The build itself runs inside a sandbox on the build machine – it cannot read or write anything outside the workspace directory the build machine set up for it.
Three layers, three responsibilities
This is the three-layer model the rest of the architecture chapters expand on:
- Build Server & Connection Setup – public, stateless, knows about who but not what. Issues build permissions. Relays connection setup messages. Never has the authority to decrypt anything.
- WebRTC Build Machine & Data Channels – private, runs the build, enforces channel whitelists and bandwidth limits client-by-client. Has full code execution authority but only inside the sandbox.
- Permissions & Security – the signing protocol that ties the two together. A build permission is a signed token saying “this user gets these channels for this long”.
Why this shape?
The architecture is structured to keep the public surface (the build server) stateless and untrusted. Compromising the build server gets you the ability to issue permissions, but a permission is useless without a build machine willing to honor it – and the build machine verifies permission signatures locally using a public key it trusts at compile time.

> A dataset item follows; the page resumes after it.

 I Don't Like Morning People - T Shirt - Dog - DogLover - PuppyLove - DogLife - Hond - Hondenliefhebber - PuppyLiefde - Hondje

Conversely, compromising a build machine gets you whatever code is running in the sandbox right now, but the build machine cannot impersonate other users or issue permissions. Build machines are essentially “computers that run untrusted code inside a sandbox”, which is exactly the threat model sandboxes were built for.
The data channels themselves are direct peer-to-peer when possible, so build logs and firmware binaries don’t transit the build server. This means the operator running the build server cannot read your build logs or your firmware images even if they wanted to.